Olsa da tadına varılmazdı..
Anlatmakla anlaşılmazdı..
Aşktı..
Hayattı..
Hayat, zıtlıklarla örtülüydü..
Mutsuzluk olmasa doğruları bulmak, kaybetmek olmasa kazanmak zevk vermezdi.
Korkaklık olmasa cesaret, cahillik olmasa bilgelik, düşmanlık olmasa dostluk anlam kazanmazdı.
Yergiler övgülerle, yenilgiler yergilerle birlikte anılırdı.
Çirkinlik olmasa güzelliğe ulaşmak için çaba sarf edilmezdi.
Zaaflar olmasa güç ortaya çıkmazdı.
Alçaklar olmasa yüksekler baş döndürmezdi.
Karanlık olmasa aydınlık göz kamaştırmazdı.
Açlık hissini bilmeden tokluğa şükredilmezdi.
Acı olmasa tatlı yavan kalırdı.
Nefret olmasa aşk doğmazdı.
Ayrılık kavuşmalara, bitişler başlangıçlara zemin hazırlardı.
Birine göre "giden", bir başkasına göre "gelen"di.
"Celal"den korkmadan "Cemal" görülümezdi.
"Her şey", "Hiç"te gizliydi.
Pozitif kutup, negatifsiz düşünülemezdi.
İkiliğin gerçekliğini anlamadan"Bir" idrak edilemezdi.
*Zıtların ilişkisini kavrayabilenler, zıtlıkların ayırıcı değil tamamlayıcı olduğunu görebilenler, hayatı olduğu gibi kabul edebilenler hayattın zevk almayı başarırlardı.
Farklı heyecan arayıp bütün düzeni bozduktan sonra asıl mutluluğun kendi yuvası olduğunu karısını aldattıktan sonra anlayan bir doktorun sıradan hikayesini anlatan bir kitap.

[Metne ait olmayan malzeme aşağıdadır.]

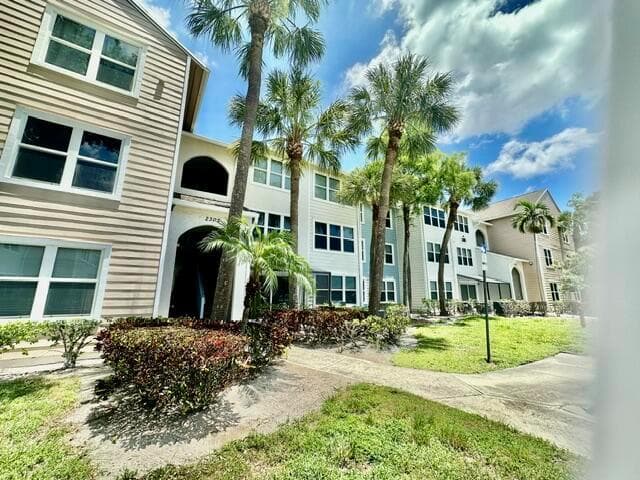 2305 N Congress Avenue # 11, Boynton Beach FL 33426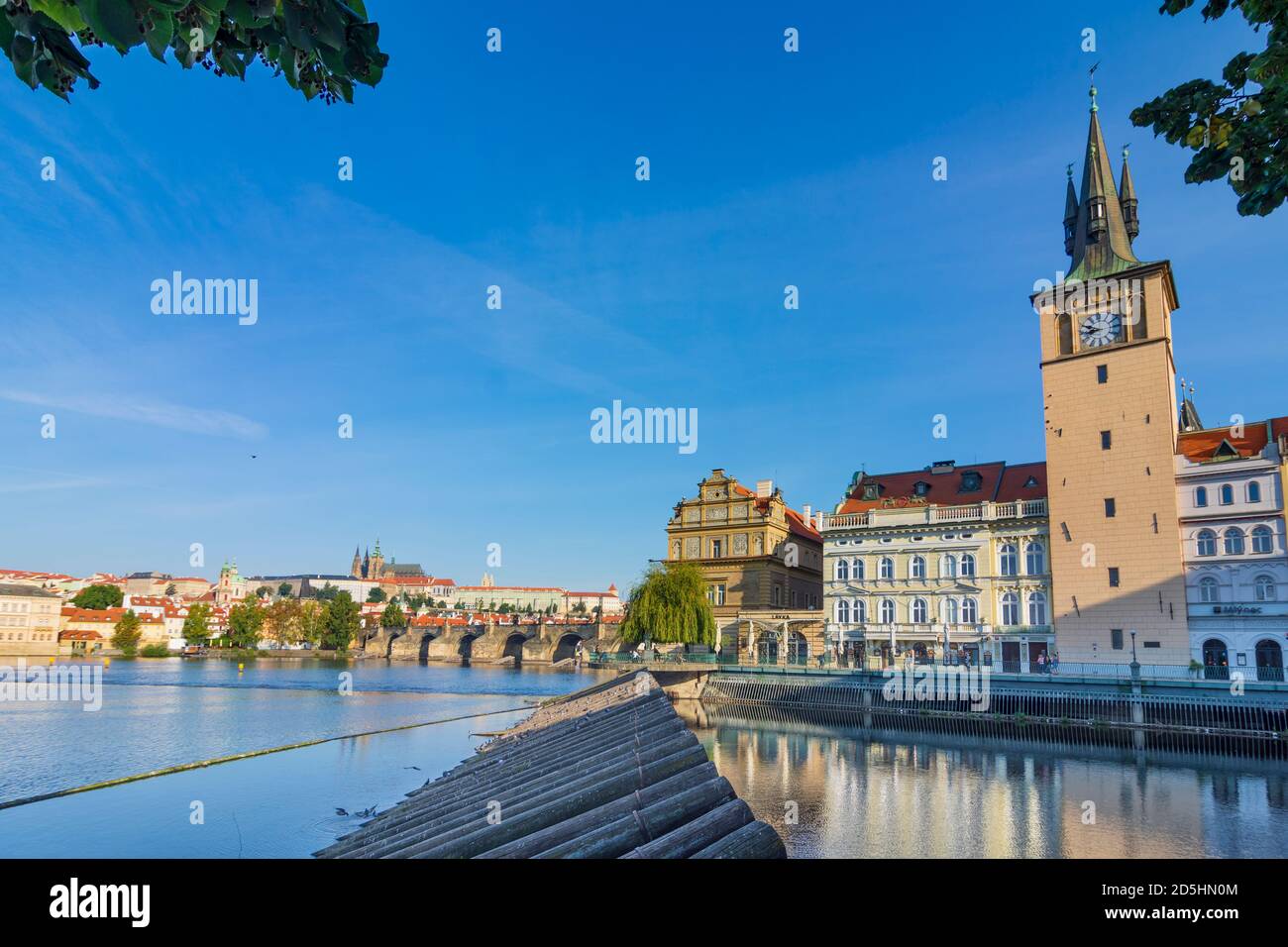 praha-charles-bridge-karl-v-most-karlsbr-cke-vltava-moldau-river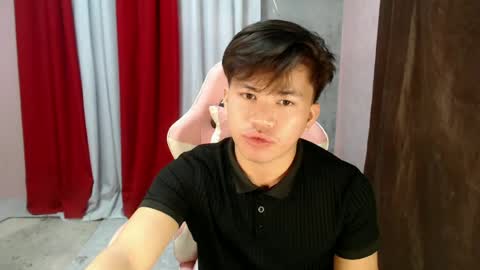 Snapshot of urasian_gil chatting on 06.20.26 macky online show from 06.20.26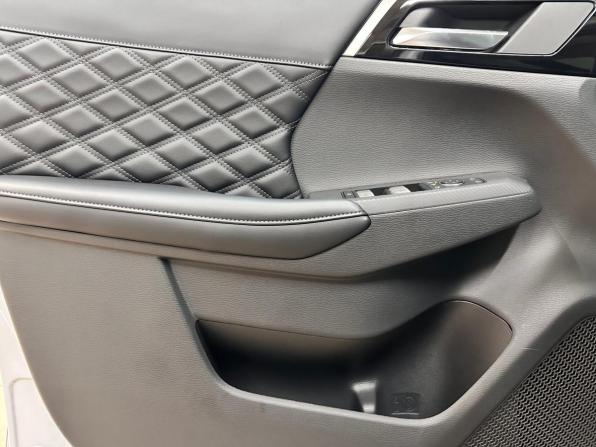 Mitsubishi Outlander IV с пробегом 2023 года, цена 3 970 000 рублей, 66 км, внедорожник, Автокод Объявления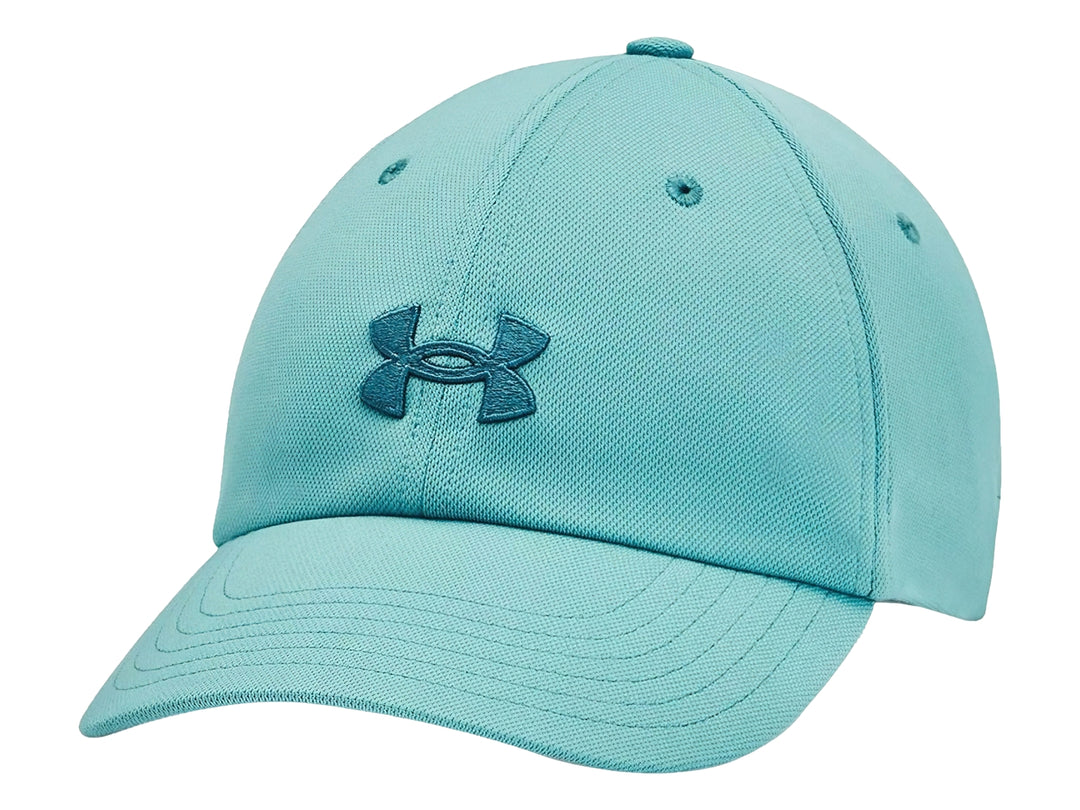 Gorra deportiva Under Armour en color azul celeste con logotipo bordado al frente y visera curva.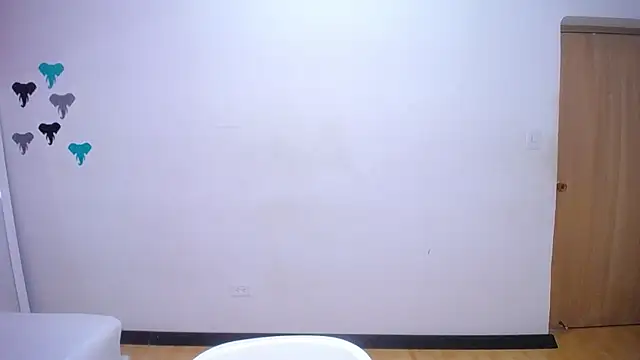 tiny sarah1 online show from 22, 3, 2025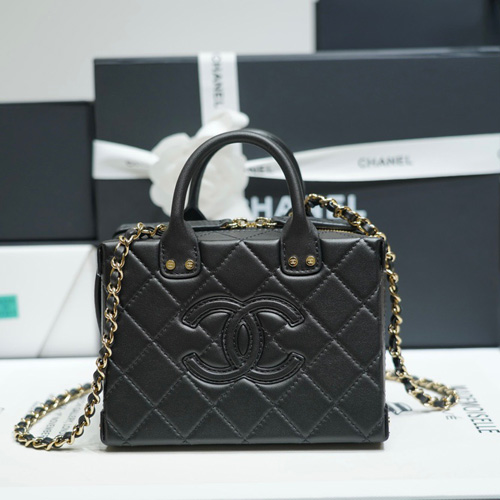 샤넬 베니티 코스메틱 케이스  AS3344 블랙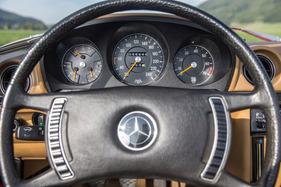 Mercedes-Benz 350 SL (1971) - grosse gut ablesbare Uhren mit etwas wenig Charme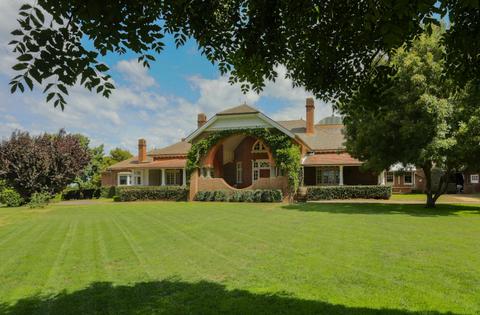 Petersons Armidale Guesthouse and Winery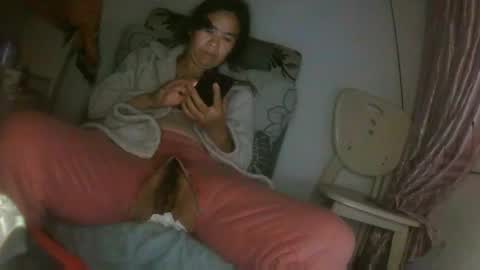 hujiajia520321431 online show from February 25, 9:35 pm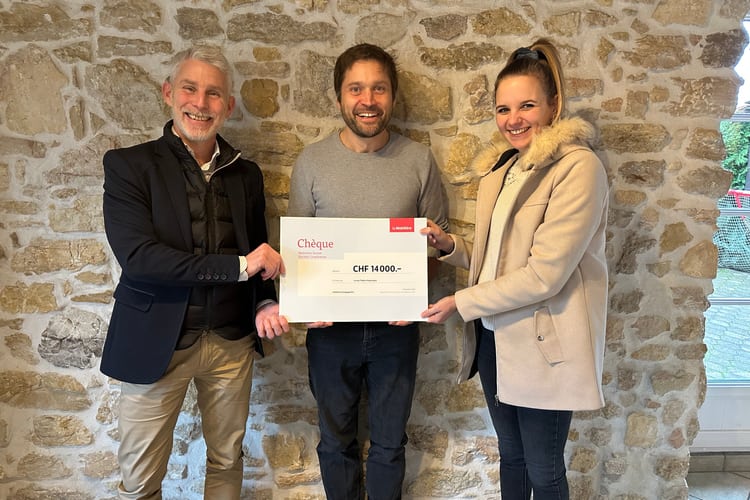 Olivier Léchenne, agent général de l’agence générale Mobilière du Jura, Pascal Pointet, directeur artistique de la compagnie Lacsap, Emilie Frossard, support vente et sponsoring (de gauche à droite).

Anlatımı akıcı. Fakat kitabın hikayesini beğenmedim. Bilindik bir hikaye. Kütüphanemdeki kitapları okumaya çalıştığım için başlayıp ve başladığıma pişman olduğum bir kitap oldu. Her kitap okunmayı hak eder bu felsefeden hareket ederek okurum tüm kitapları. Fakat önereceğim bir kitap değil. Bilindik hikayeler genellikle sıkar insanı bu kitabı okuyarak bunu bir kez daha anladım.